§ Exercise requirements
Transcribe the listing exactly, leaving out every picture.

---------- Information shown ----------

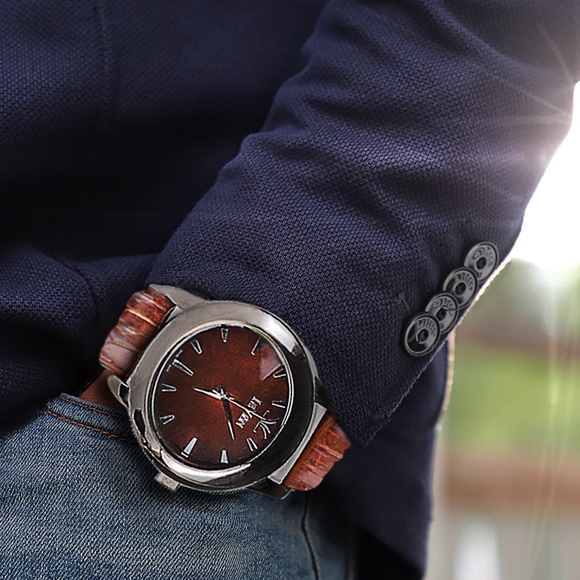 😢SOLD—Limited Edition Le Vian 18' Watch - Picture 7 of 8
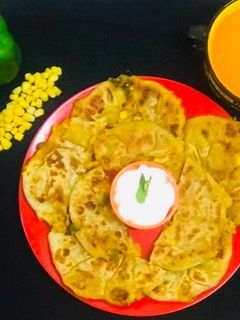 અવાેકાડાે સ્ટફ્ડ પરાઠા (Avacado stuffed paratha recipe in Gujarati) રેસીપી મુખ્ય ફોટો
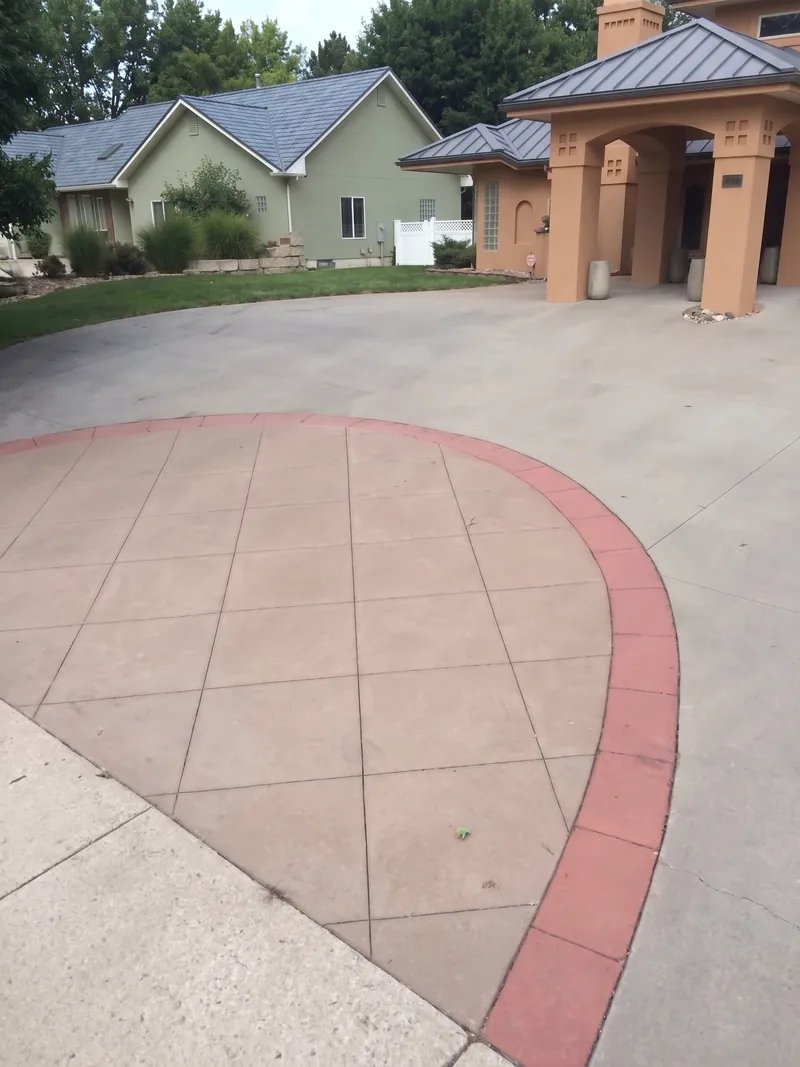 Design example: Stained concrete drive with a red border band
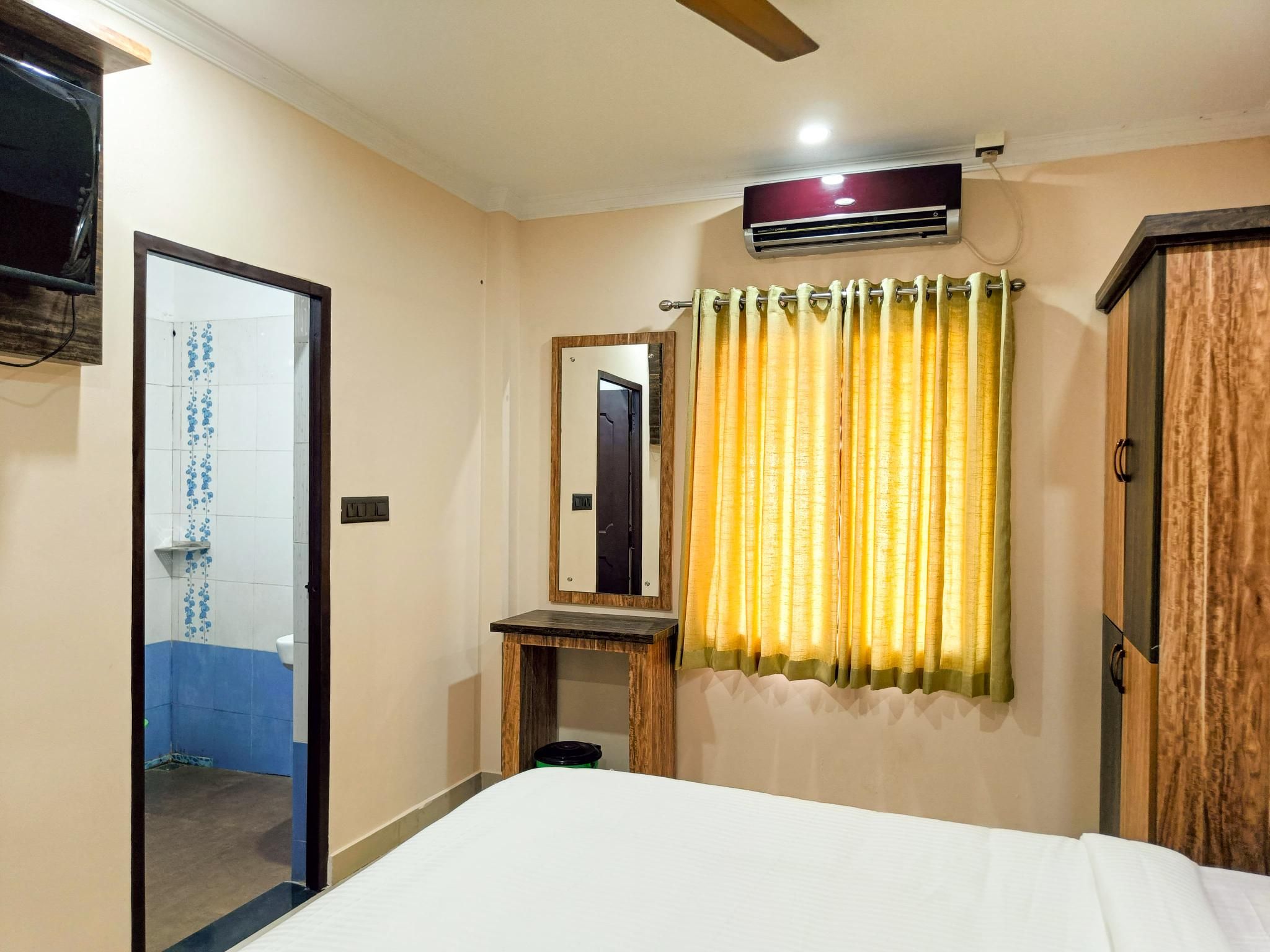 Nexstay Moments Inn Superior Queen Bed 3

----------

§ Result for this task
 😢SOLD—Limited Edition Le Vian 18' Watch - Picture 7 of 8
 અવાેકાડાે સ્ટફ્ડ પરાઠા (Avacado stuffed paratha recipe in Gujarati) રેસીપી મુખ્ય ફોટો
 Design example: Stained concrete drive with a red border band
 Nexstay Moments Inn Superior Queen Bed 3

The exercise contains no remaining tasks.